→ THE TASK
Copy the entries below exactly; any picture among them should be left out.

→ DATA FOR REVIEW
=== Begin Enclosure ===
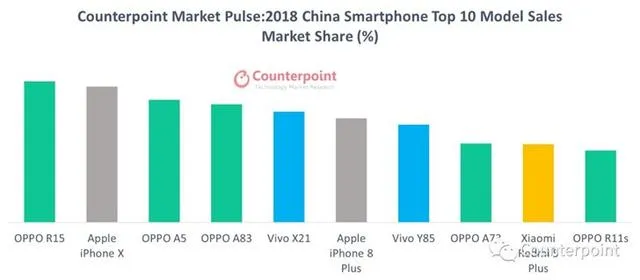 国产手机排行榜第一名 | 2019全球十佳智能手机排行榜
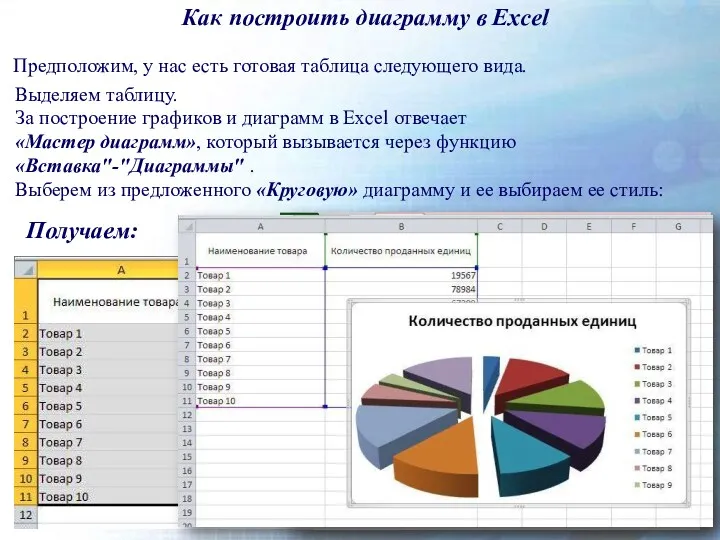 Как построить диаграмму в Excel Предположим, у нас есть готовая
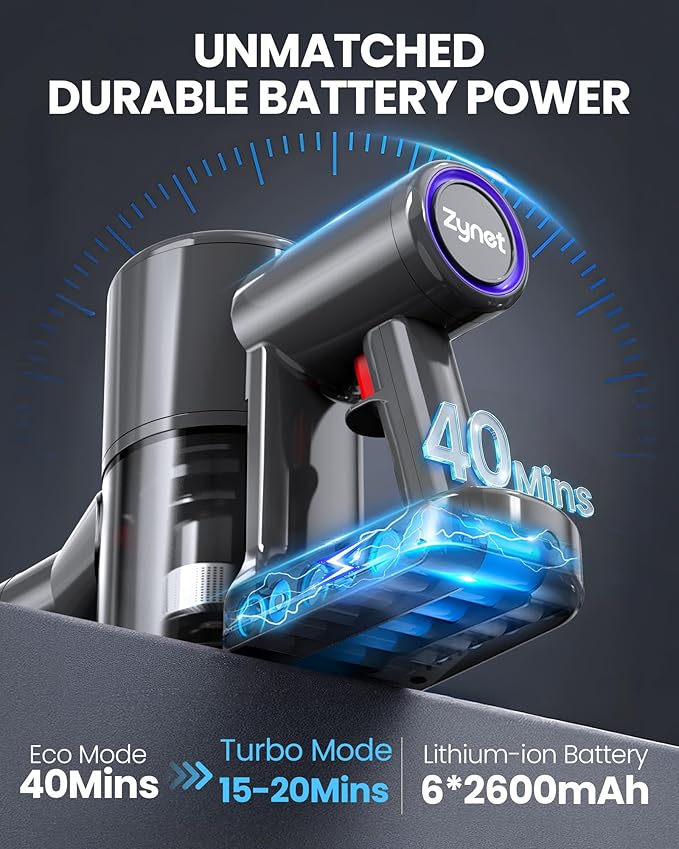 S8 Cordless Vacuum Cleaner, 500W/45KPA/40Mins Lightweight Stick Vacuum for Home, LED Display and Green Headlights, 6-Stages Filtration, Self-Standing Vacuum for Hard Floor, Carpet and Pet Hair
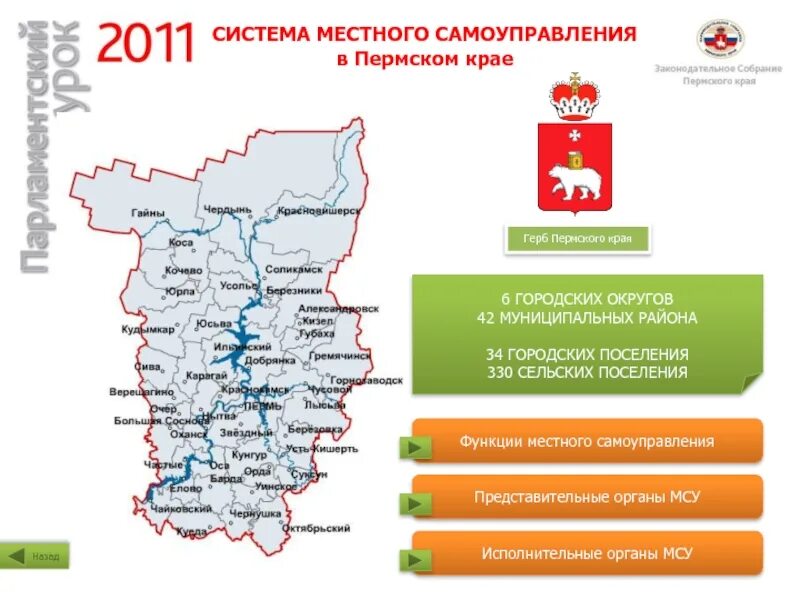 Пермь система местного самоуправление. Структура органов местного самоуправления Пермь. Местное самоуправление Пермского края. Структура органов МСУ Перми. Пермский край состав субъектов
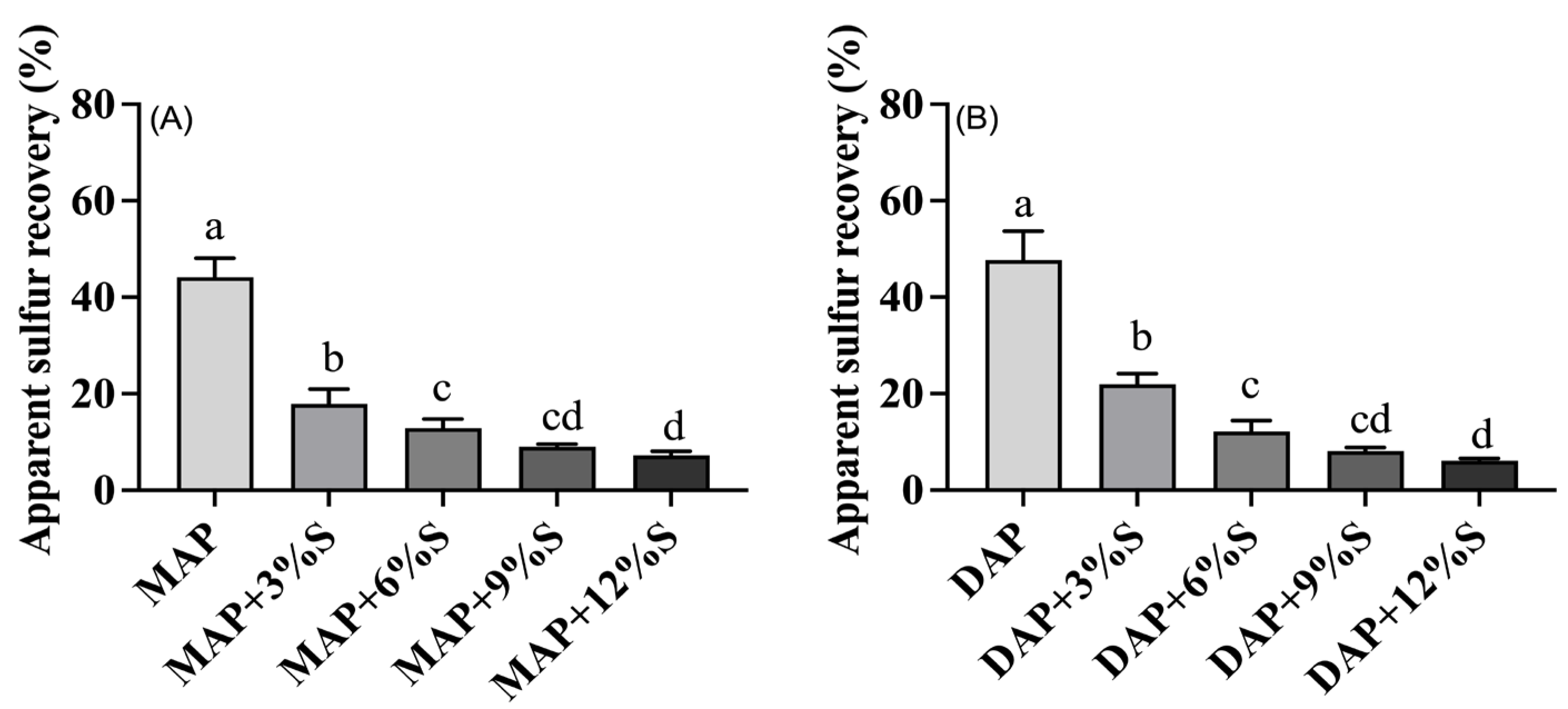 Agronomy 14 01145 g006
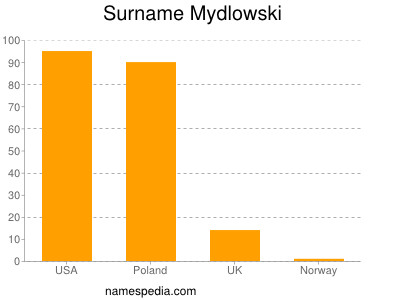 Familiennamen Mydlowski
=== End Enclosure ===
→ FINISHED EXERCISE
 国产手机排行榜第一名 | 2019全球十佳智能手机排行榜
 Как построить диаграмму в Excel Предположим, у нас есть готовая
 S8 Cordless Vacuum Cleaner, 500W/45KPA/40Mins Lightweight Stick Vacuum for Home, LED Display and Green Headlights, 6-Stages Filtration, Self-Standing Vacuum for Hard Floor, Carpet and Pet Hair
 Пермь система местного самоуправление. Структура органов местного самоуправления Пермь. Местное самоуправление Пермского края. Структура органов МСУ Перми. Пермский край состав субъектов
 Agronomy 14 01145 g006
 Familiennamen Mydlowski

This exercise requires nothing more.